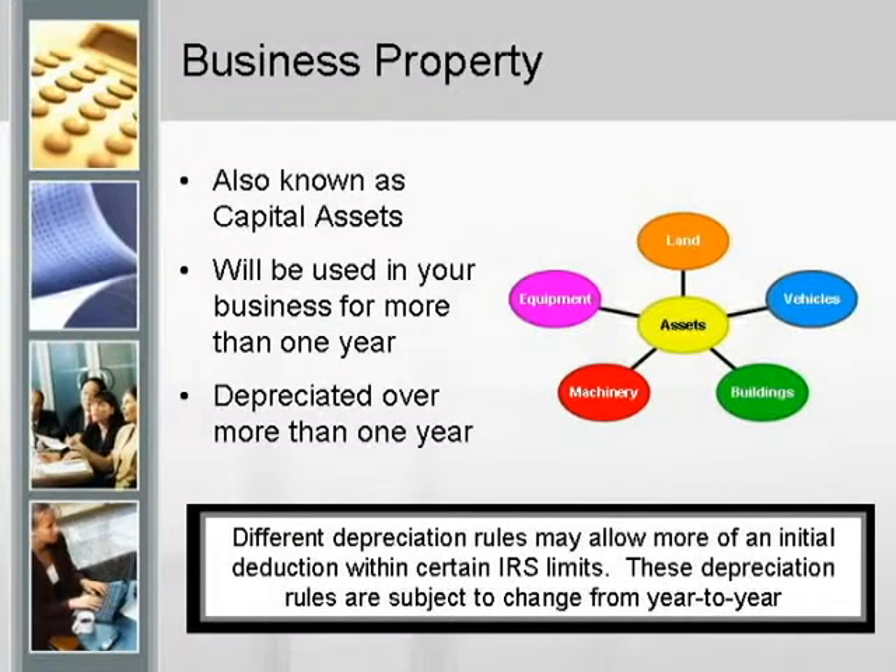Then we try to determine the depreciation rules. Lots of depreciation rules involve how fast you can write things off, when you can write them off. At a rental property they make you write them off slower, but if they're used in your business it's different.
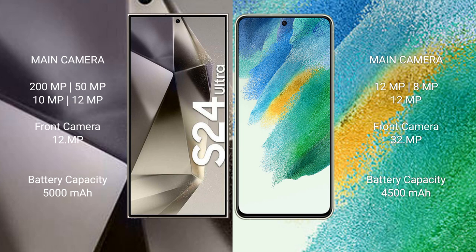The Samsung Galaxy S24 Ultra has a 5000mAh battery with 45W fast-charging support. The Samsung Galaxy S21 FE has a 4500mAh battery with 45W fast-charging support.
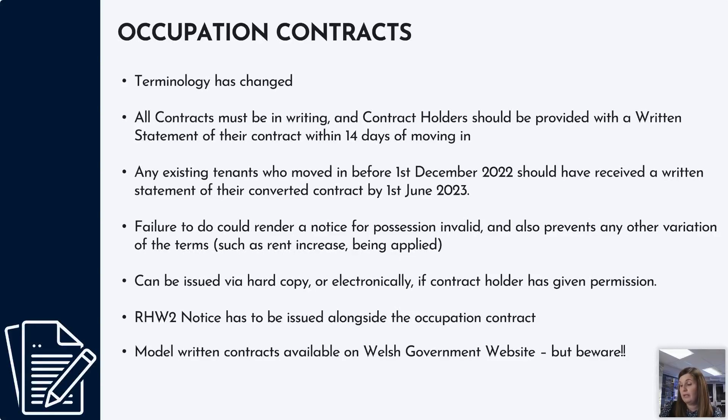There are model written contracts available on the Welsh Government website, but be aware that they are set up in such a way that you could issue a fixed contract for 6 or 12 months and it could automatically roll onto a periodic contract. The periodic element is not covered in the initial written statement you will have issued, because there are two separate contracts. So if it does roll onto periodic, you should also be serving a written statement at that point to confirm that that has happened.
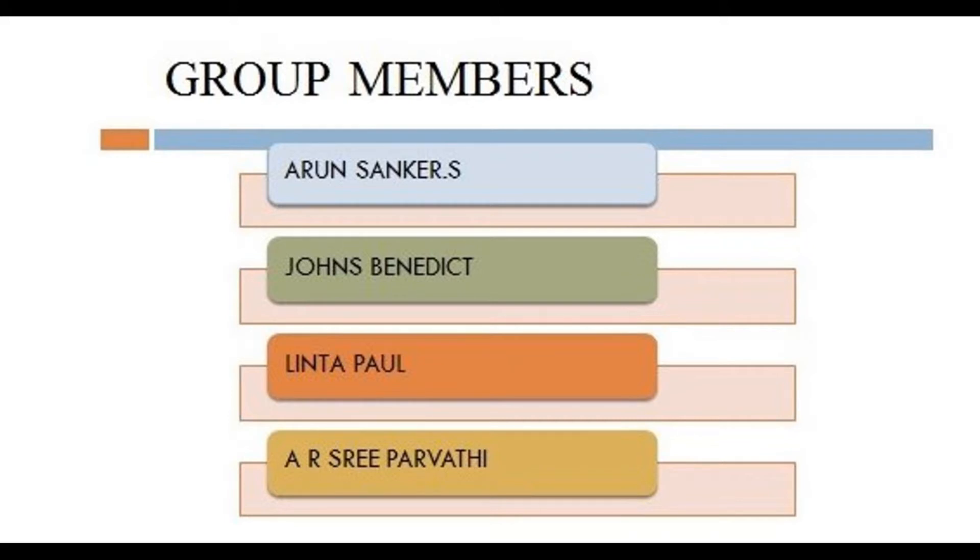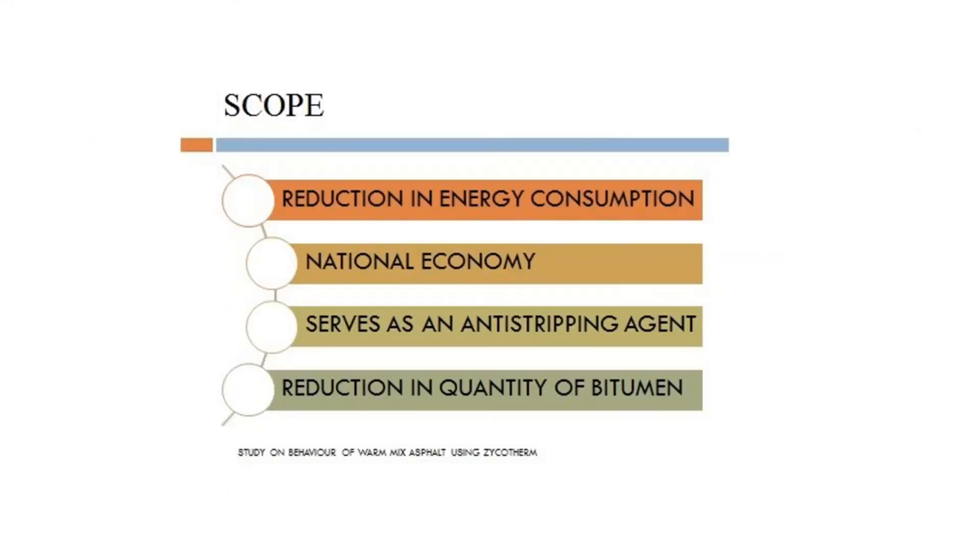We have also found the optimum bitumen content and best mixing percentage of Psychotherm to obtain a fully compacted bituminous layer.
--
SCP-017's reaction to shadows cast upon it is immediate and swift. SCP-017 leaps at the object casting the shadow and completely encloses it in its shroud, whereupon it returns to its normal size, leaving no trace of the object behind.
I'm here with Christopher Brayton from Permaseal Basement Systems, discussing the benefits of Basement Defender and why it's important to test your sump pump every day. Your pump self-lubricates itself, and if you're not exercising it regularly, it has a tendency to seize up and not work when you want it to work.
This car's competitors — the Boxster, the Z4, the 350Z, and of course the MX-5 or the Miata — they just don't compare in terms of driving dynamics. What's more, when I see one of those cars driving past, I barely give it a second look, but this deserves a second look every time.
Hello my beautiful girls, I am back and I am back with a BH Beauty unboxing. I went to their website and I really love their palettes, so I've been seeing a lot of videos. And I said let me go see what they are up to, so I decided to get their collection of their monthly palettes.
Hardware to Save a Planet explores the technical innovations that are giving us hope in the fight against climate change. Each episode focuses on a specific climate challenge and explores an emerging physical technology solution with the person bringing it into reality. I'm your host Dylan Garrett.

Exercise: Leave out the images and write out the lines above exactly, from the one with "Then we try" up to and including the one with "We have also".

Output of the task:
Then we try to determine the depreciation rules. Lots of depreciation rules involve how fast you can write things off, when you can write them off. At a rental property they make you write them off slower, but if they're used in your business it's different.
The Samsung Galaxy S24 Ultra has a 5000mAh battery with 45W fast-charging support. The Samsung Galaxy S21 FE has a 4500mAh battery with 45W fast-charging support.
There are model written contracts available on the Welsh Government website, but be aware that they are set up in such a way that you could issue a fixed contract for 6 or 12 months and it could automatically roll onto a periodic contract. The periodic element is not covered in the initial written statement you will have issued, because there are two separate contracts. So if it does roll onto periodic, you should also be serving a written statement at that point to confirm that that has happened.
We have also found the optimum bitumen content and best mixing percentage of Psychotherm to obtain a fully compacted bituminous layer.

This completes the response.